== Segment start ==
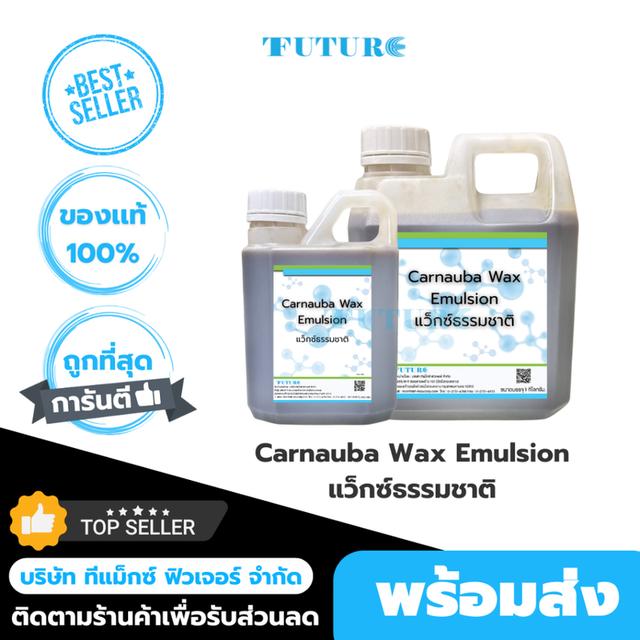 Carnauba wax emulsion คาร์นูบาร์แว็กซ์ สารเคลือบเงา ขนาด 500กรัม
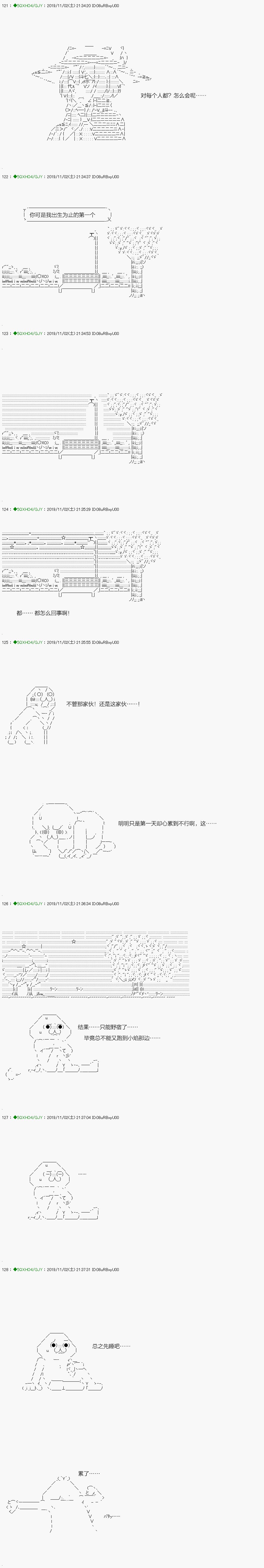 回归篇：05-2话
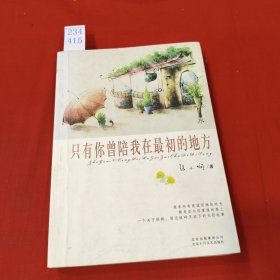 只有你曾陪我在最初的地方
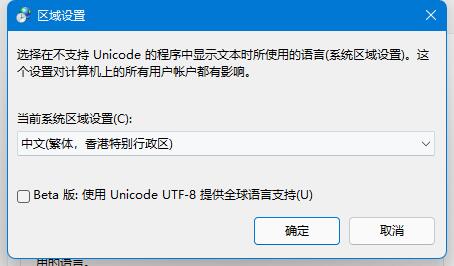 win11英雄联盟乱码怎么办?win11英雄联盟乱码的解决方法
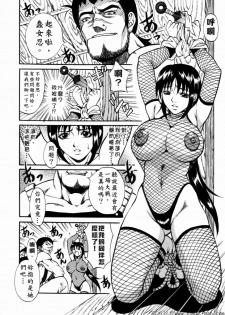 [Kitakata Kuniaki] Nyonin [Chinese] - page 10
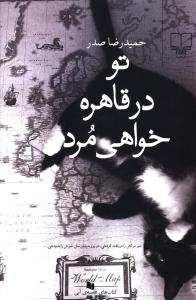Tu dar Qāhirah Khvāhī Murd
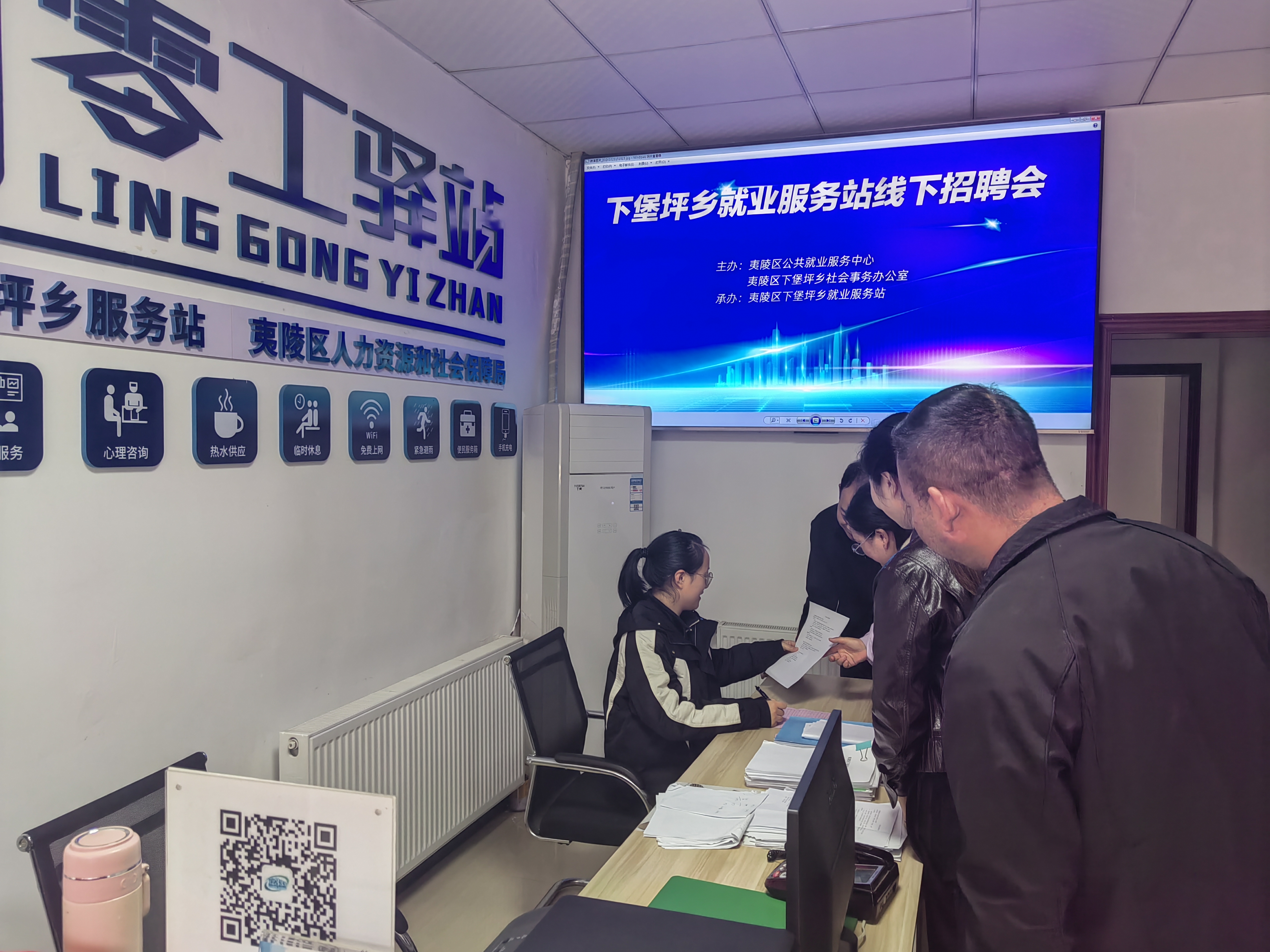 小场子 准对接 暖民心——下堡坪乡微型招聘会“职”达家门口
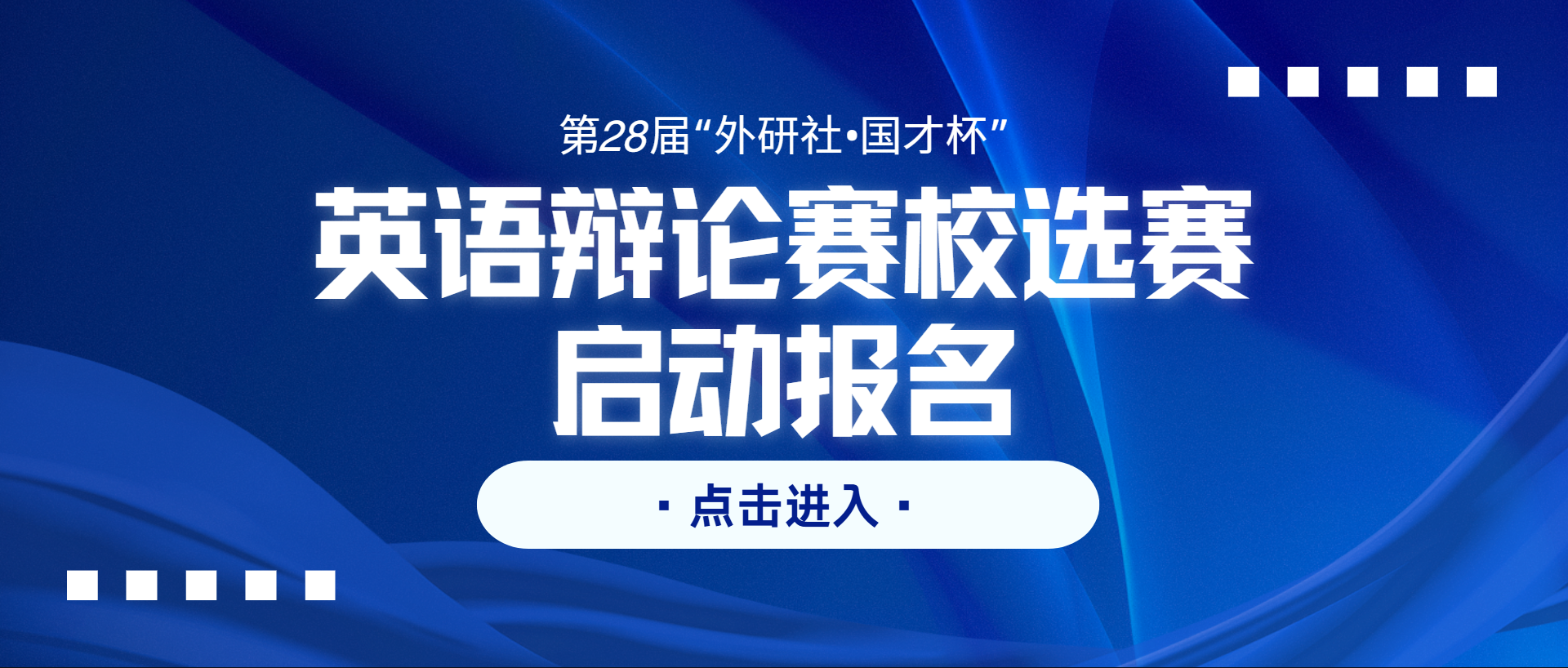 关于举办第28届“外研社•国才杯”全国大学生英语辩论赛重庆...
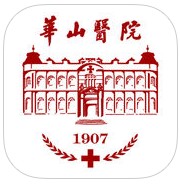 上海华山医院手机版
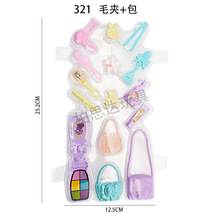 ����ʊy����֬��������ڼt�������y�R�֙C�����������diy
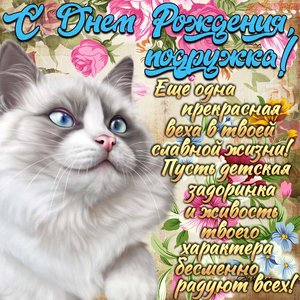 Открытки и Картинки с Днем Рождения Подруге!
== Segment end ==
**EXERCISE PROMPT:**
Please transcribe all of the records above exactly, leaving out any pictures.

**SOLUTION TO THIS EXERCISE:**
 Carnauba wax emulsion คาร์นูบาร์แว็กซ์ สารเคลือบเงา ขนาด 500กรัม
 回归篇：05-2话
 只有你曾陪我在最初的地方
 win11英雄联盟乱码怎么办?win11英雄联盟乱码的解决方法
 [Kitakata Kuniaki] Nyonin [Chinese] - page 10
Tu dar Qāhirah Khvāhī Murd
 小场子 准对接 暖民心——下堡坪乡微型招聘会“职”达家门口
 关于举办第28届“外研社•国才杯”全国大学生英语辩论赛重庆...
 上海华山医院手机版
 ����ʊy����֬��������ڼt�������y�R�֙C�����������diy
 Открытки и Картинки с Днем Рождения Подруге!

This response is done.